Moderator: Sheila McIlraith, Department of Computer Science

Location: Online

Talk title:

“Open-ended and AI-generating algorithms in the era of foundation models”

Abstract:

Foundation models (e.g. large language models) create exciting new opportunities in our longstanding quests to produce open-ended and AI-generating algorithms, wherein agents can truly keep innovating and learning forever. In this talk, I will share some of our recent work harnessing the power of foundation models to make progress in these areas. I will cover our recent work including OMNI (Open-endedness via Models of human Notions of Interestingness), Video Pre-Training (VPT), Thought Cloning, Automatically Designing Agentic Systems (ADAS), the Darwin Gödel Machine, and The AI Scientist.

Suggested reading: 

The AI Scientist: Towards fully automated open-ended scientific discovery, blog post, August 13, 2024. Also see arXiv pre-print.

The AI Scientist generates its first peer-reviewed scientific publication, blog post, March 12, 2025.

The Darwin Gödel Machine: AI that improves itself by rewriting its own code, blog post, May 30, 2025.

Shengran Hu, Cong Lu, Jeff Clune, “Automated design of agentic systems,” arXiv pre-print, August 15, 2024.

Jenny Zhang, Joel Lehman, Kenneth Stanley, Jeff Clune, “OMNI: Open-endedness via Models of human Notions of Interestingness,” arXiv pre-print, June 2, 2023.

About Jeff Clune

Jeff Clune is a professor of computer science at the University of British Columbia, a Canada CIFAR AI Chair at the Vector Institute, and a Senior Research Advisor at DeepMind. Clune's research focuses on deep learning, including deep reinforcement learning. Previously he was a research manager at OpenAI, a senior research manager and founding member of Uber AI Labs (formed after Uber acquired a startup he helped lead), the Harris Associate Professor in Computer Science at the University of Wyoming, and a research scientist at Cornell University. Clune has received degrees from Michigan State University (PhD, master’s) and the University of Michigan (bachelor’s).

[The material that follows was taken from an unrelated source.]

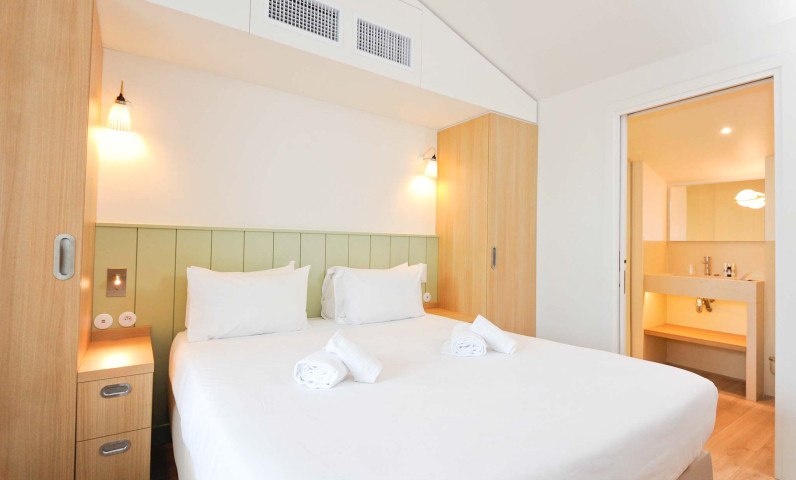Chambre spacieuse hôtel Île de Ré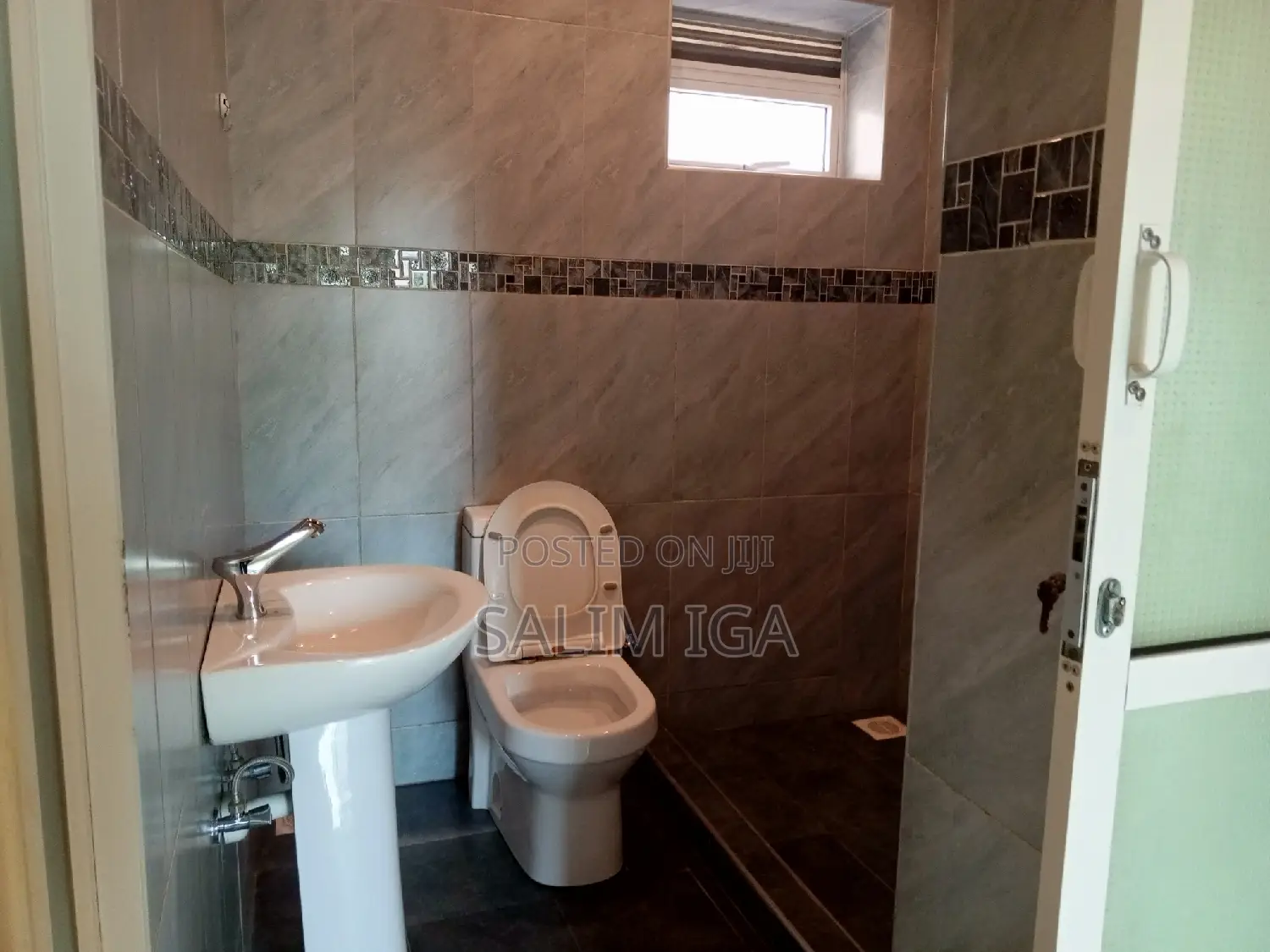 4bdrm Bungalow in Kololo Property, Central Division for rent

Clune has won the Presidential Early Career Award for Scientists and Engineers from the White House, had two papers in Nature, one in Science, and one in PNAS, won an NSF CAREER award, received multiple Outstanding Paper of the Decade and Distinguished Young Investigator awards, a Test of Time award, and had best paper awards, oral presentations, and invited talks at the top machine learning conferences (NeurIPS, CVPR, ICLR, and ICML). His research is regularly covered in the world’s top press outlets, including the New York Times, NPR, the New Yorker, CNN, NBC, Wired, the BBC, the Economist, Science, Nature, National Geographic, the Atlantic, and the New Scientist.  More on Jeff’s research can be found on his website or on X/Twitter (@jeffclune).  

About the SRI Seminar Series

The SRI Seminar Series brings together the Schwartz Reisman community and beyond for a robust exchange of ideas that advance scholarship at the intersection of technology and society. Seminars are led by a leading or emerging scholar and feature extensive discussion.

Each week, a featured speaker will present for 45 minutes, followed by an open discussion. Registered attendees will be emailed a Zoom link before the event begins. The event will be recorded and posted online.